■ **MATERIAL FOR THIS EXERCISE**:
*-*-*

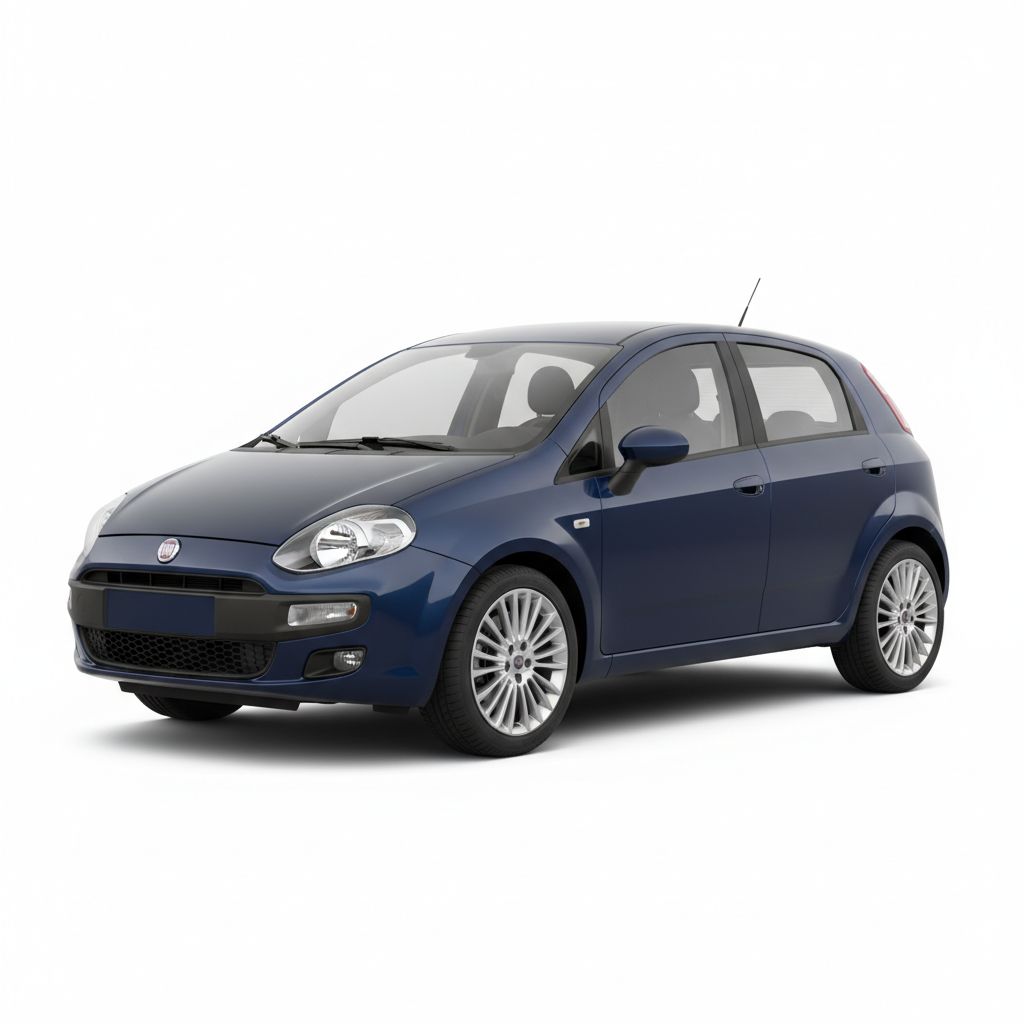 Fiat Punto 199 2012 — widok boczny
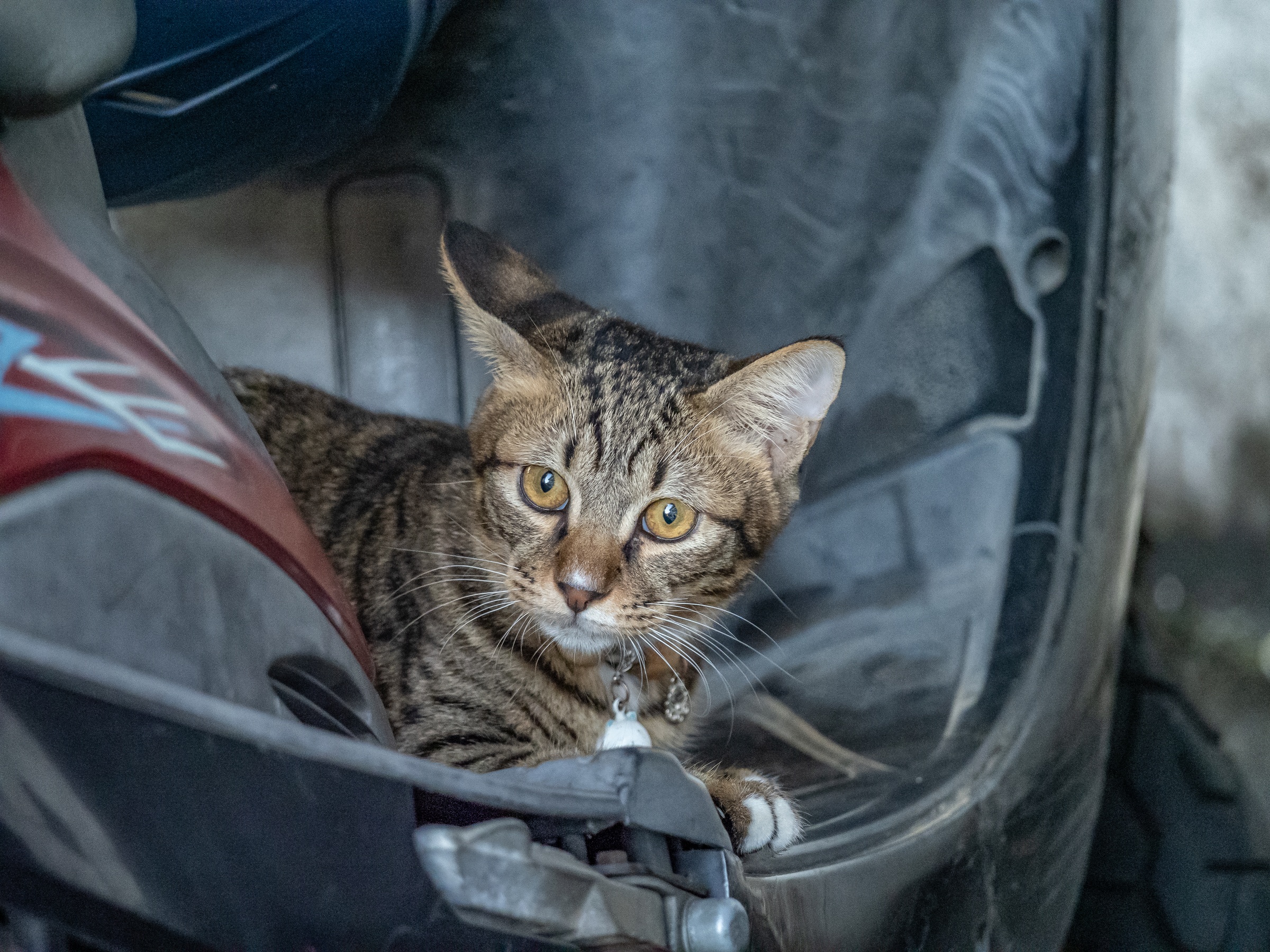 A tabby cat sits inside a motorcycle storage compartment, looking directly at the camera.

*-*-*

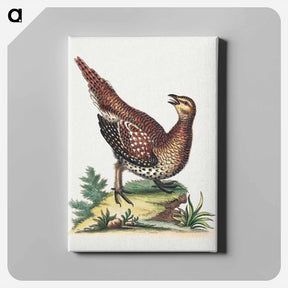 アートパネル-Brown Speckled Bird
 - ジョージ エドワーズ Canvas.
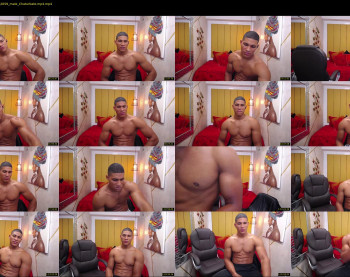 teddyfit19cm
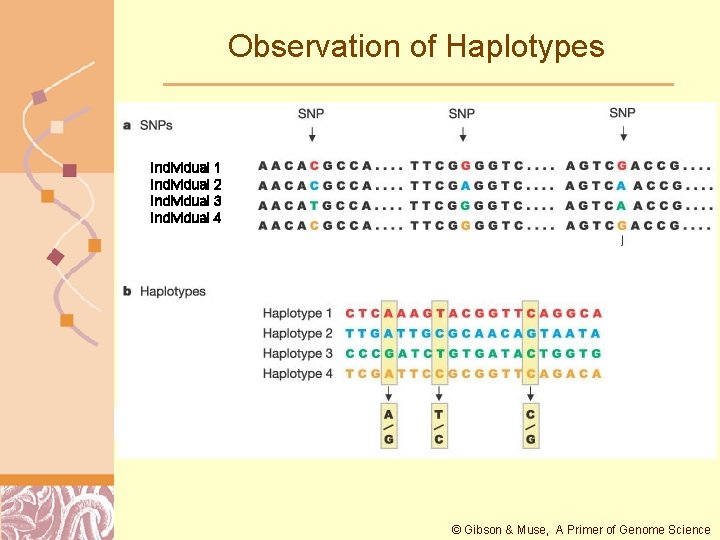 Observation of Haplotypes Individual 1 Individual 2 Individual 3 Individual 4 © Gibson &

*-*-*

■ **WORK TO COMPLETE**: Only the lines above from the one containing "- ジョージ エドワーズ Canvas." through the one containing "Observation of Haplotypes" should be returned, verbatim and inclusive, with pictures excluded.

■ **OUTPUT FOR THIS TASK**:
 - ジョージ エドワーズ Canvas.
 teddyfit19cm
 Observation of Haplotypes Individual 1 Individual 2 Individual 3 Individual 4 © Gibson &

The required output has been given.